EXERCISE REQUIREMENTS >> Using the data below, reproduce exactly the lines from the line with "a woman in a" to the line with "a large white", both included; pictures must be dropped.

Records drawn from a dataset
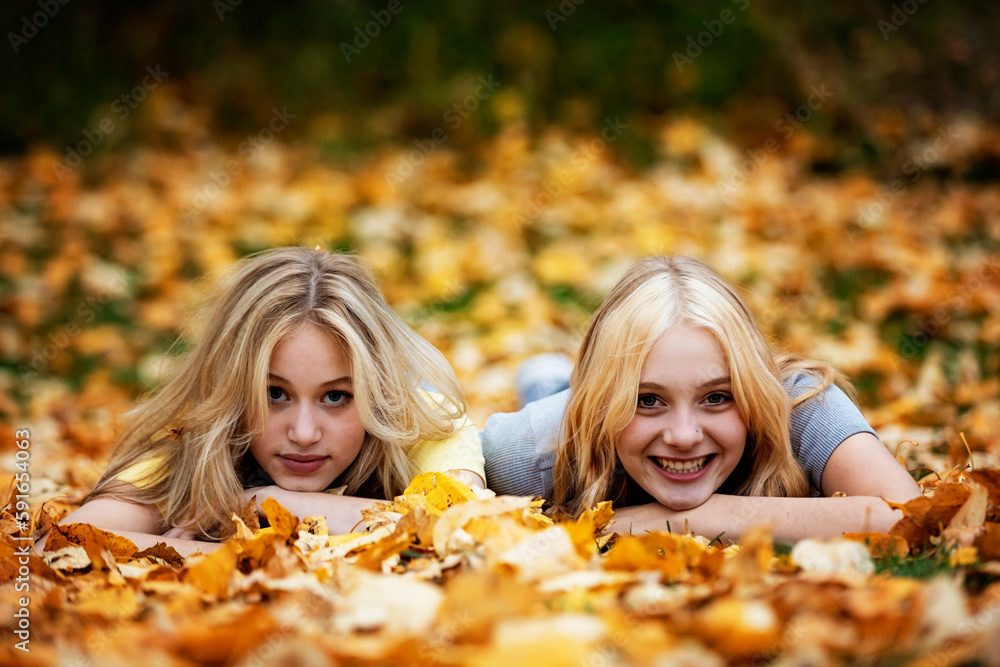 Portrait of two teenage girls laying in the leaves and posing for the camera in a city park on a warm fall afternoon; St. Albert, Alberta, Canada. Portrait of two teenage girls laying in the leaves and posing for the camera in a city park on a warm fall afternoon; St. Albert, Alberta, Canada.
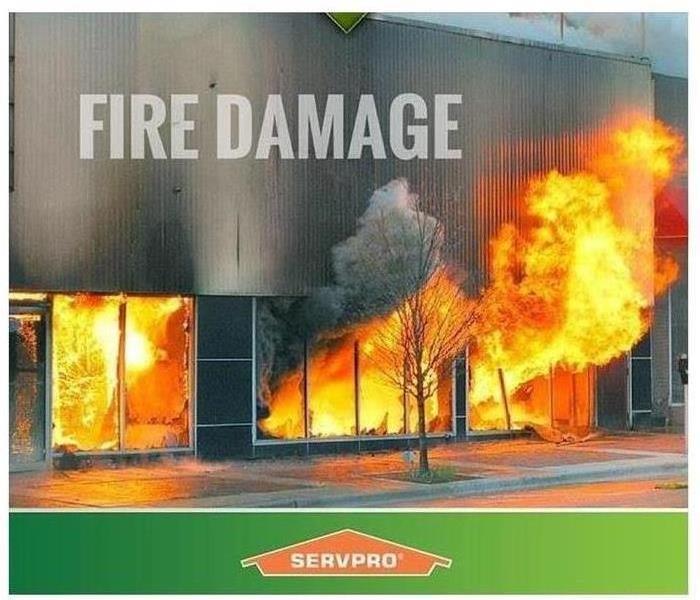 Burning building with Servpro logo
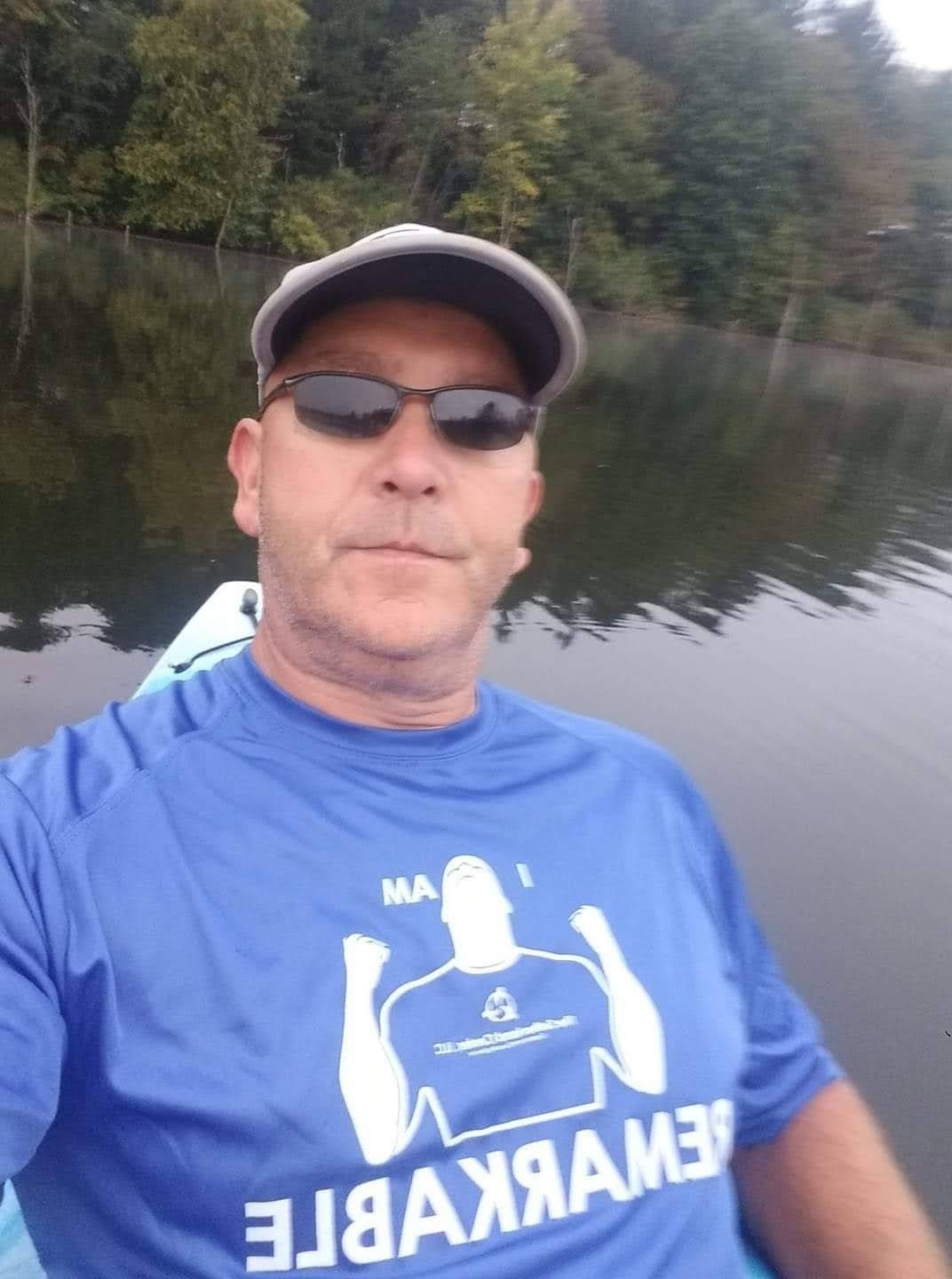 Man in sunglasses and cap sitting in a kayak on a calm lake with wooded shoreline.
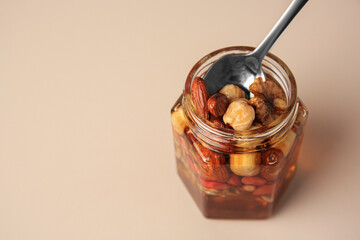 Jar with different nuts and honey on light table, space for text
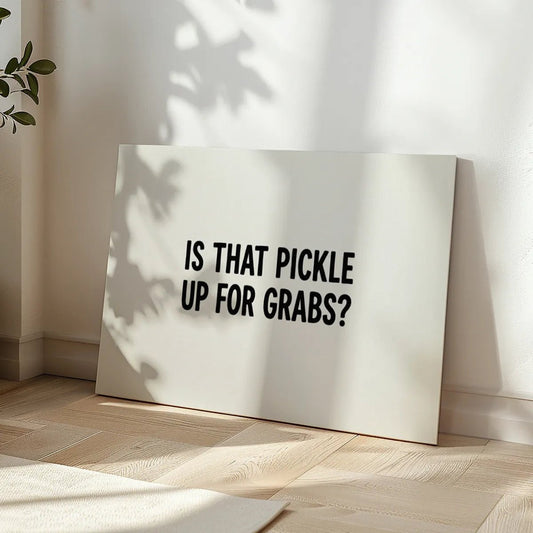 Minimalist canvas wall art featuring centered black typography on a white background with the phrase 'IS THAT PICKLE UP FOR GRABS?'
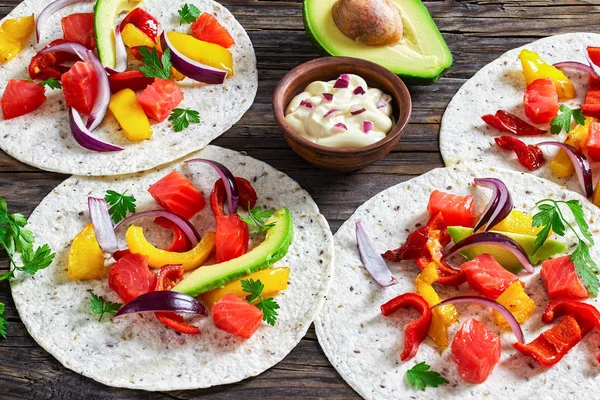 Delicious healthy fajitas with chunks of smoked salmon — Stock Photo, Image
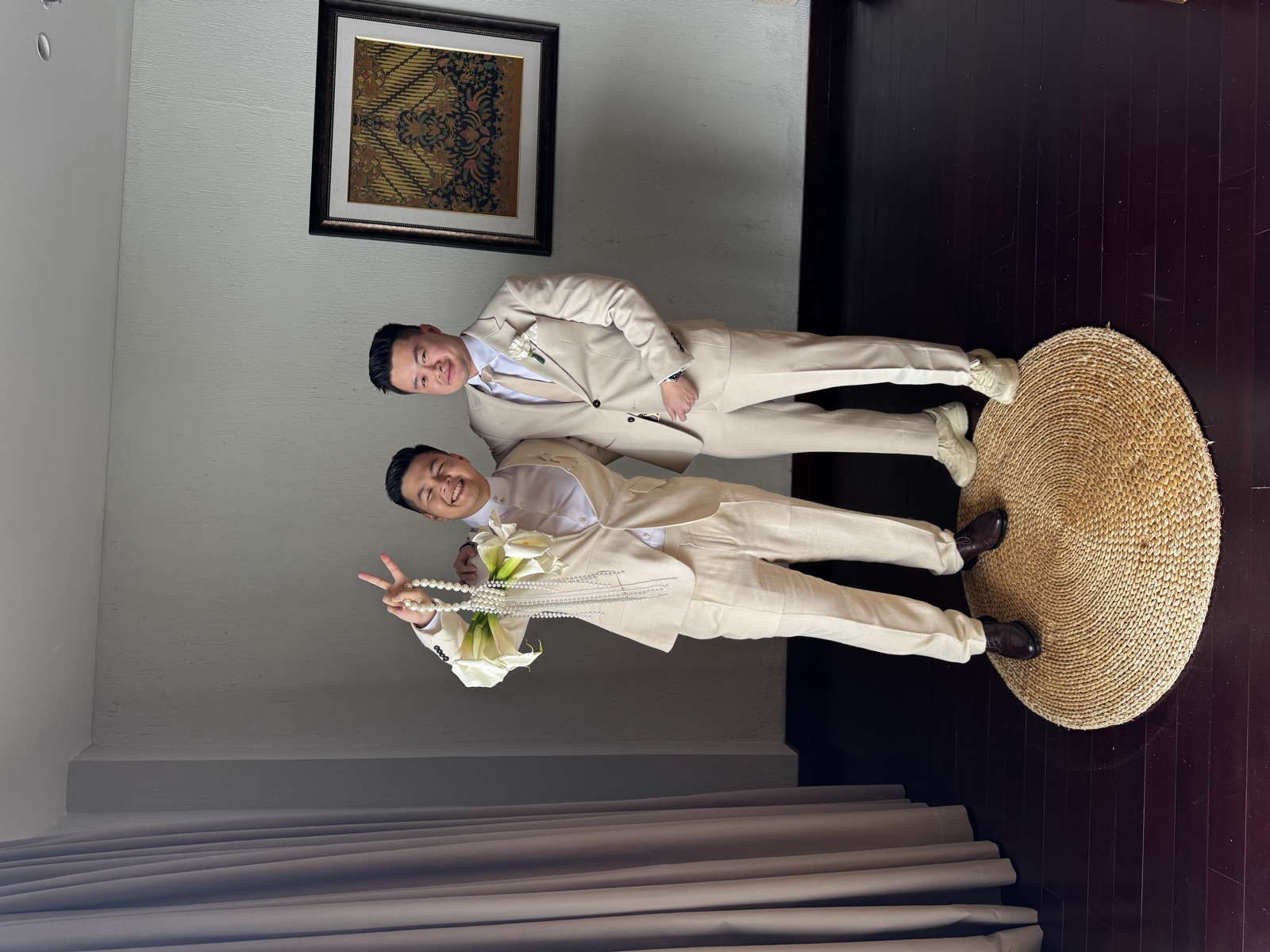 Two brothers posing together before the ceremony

==

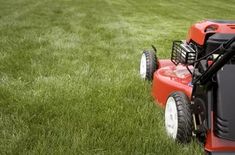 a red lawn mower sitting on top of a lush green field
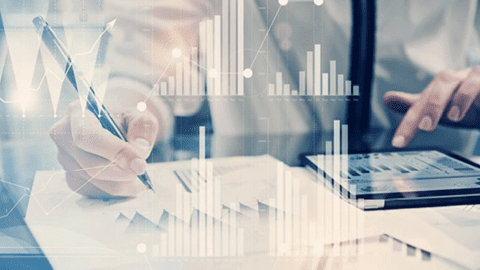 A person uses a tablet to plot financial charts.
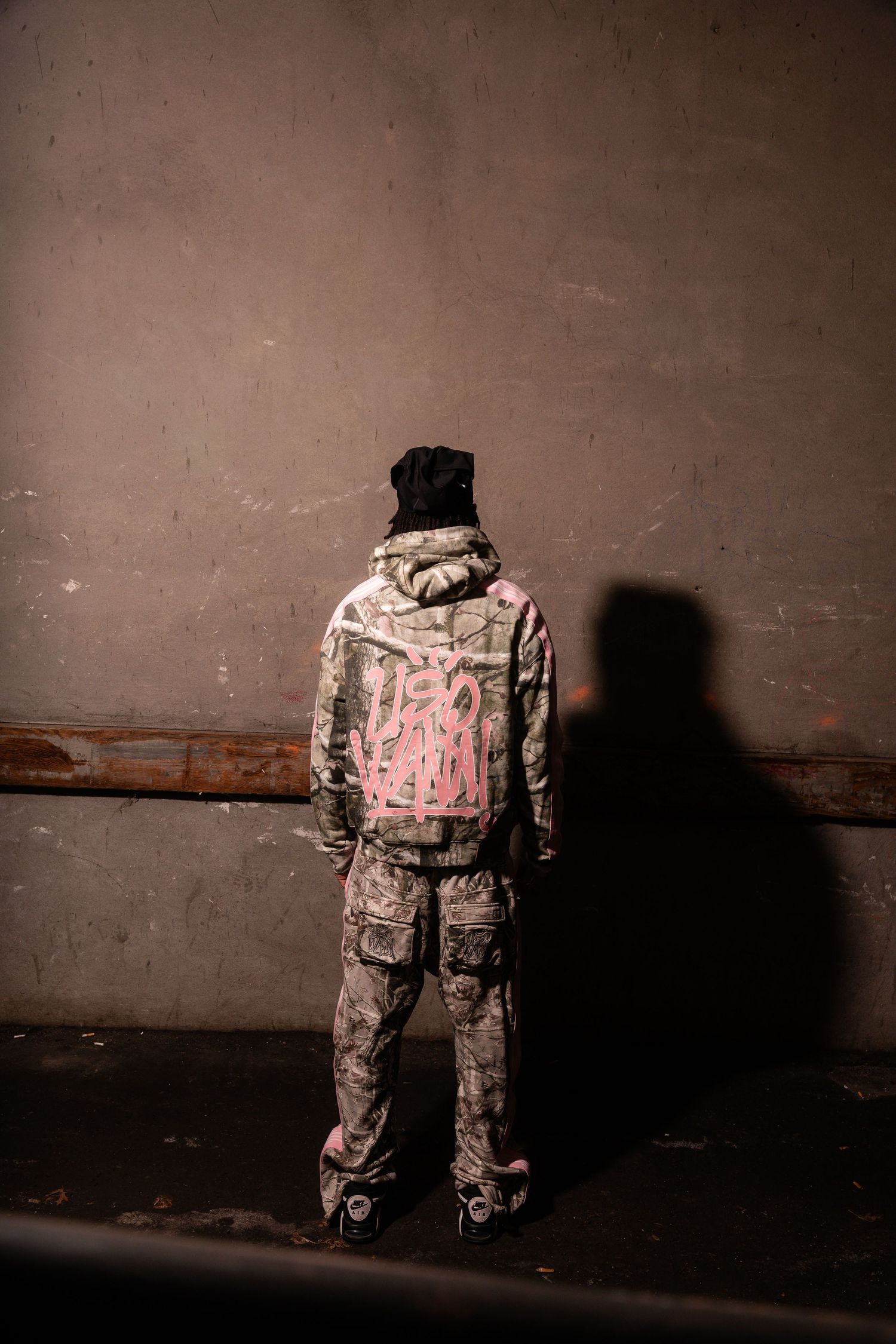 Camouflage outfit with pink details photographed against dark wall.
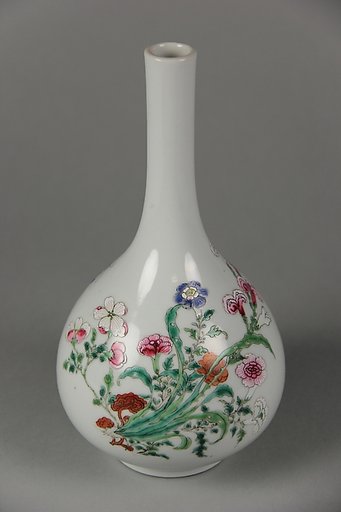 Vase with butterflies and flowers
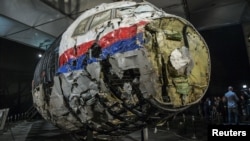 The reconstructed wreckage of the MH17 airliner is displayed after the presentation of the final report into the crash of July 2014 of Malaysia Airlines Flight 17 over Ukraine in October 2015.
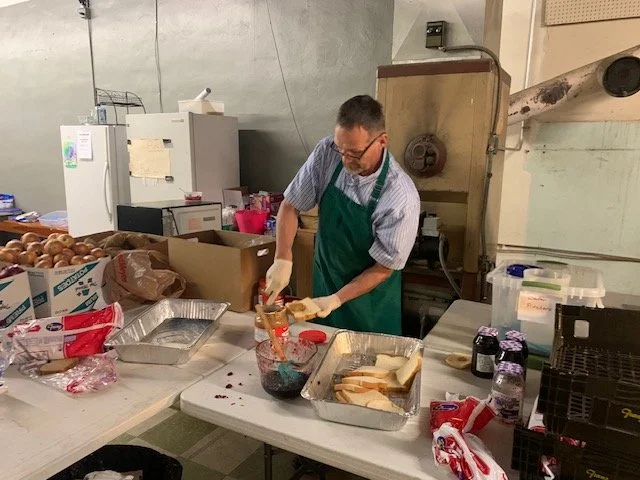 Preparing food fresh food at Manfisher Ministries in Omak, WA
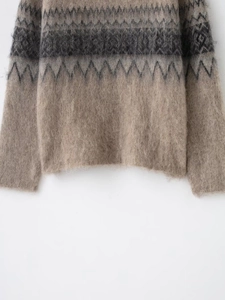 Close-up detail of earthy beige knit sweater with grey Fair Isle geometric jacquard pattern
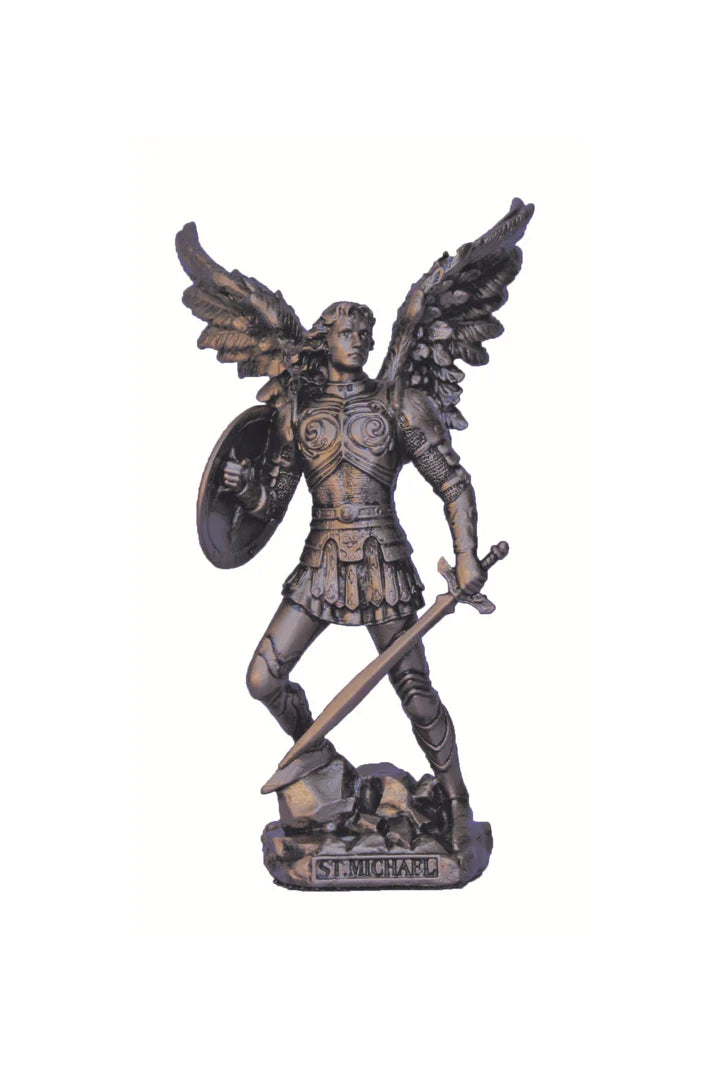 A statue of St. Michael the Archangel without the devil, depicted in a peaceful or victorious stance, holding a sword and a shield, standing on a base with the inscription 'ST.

==

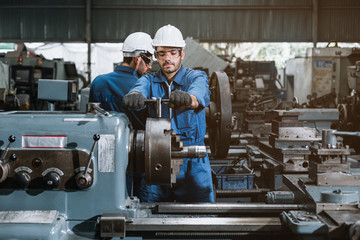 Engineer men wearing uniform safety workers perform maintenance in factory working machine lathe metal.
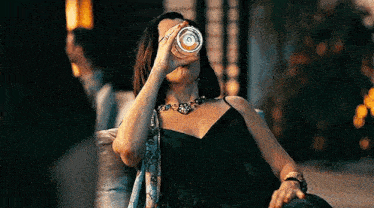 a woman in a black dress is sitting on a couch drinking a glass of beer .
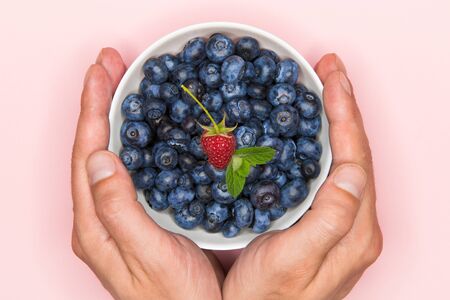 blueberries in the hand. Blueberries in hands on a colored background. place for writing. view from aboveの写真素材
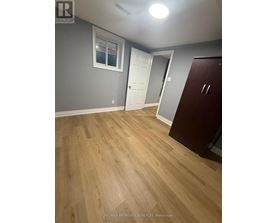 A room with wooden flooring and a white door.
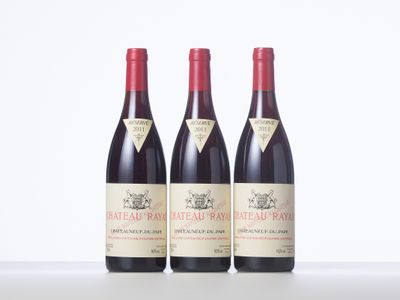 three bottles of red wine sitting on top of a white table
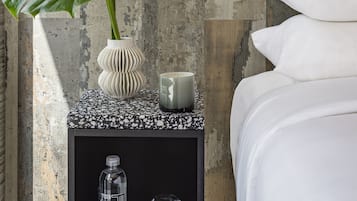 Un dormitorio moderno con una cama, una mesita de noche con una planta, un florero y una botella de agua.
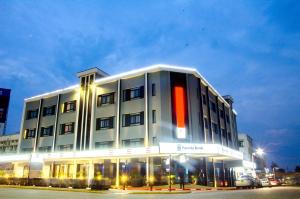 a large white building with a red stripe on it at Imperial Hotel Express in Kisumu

SOLUTION TO THE EXERCISE >>
 a woman in a black dress is sitting on a couch drinking a glass of beer .
 blueberries in the hand. Blueberries in hands on a colored background. place for writing. view from aboveの写真素材
 A room with wooden flooring and a white door.
 three bottles of red wine sitting on top of a white table
 Un dormitorio moderno con una cama, una mesita de noche con una planta, un florero y una botella de agua.
 a large white building with a red stripe on it at Imperial Hotel Express in Kisumu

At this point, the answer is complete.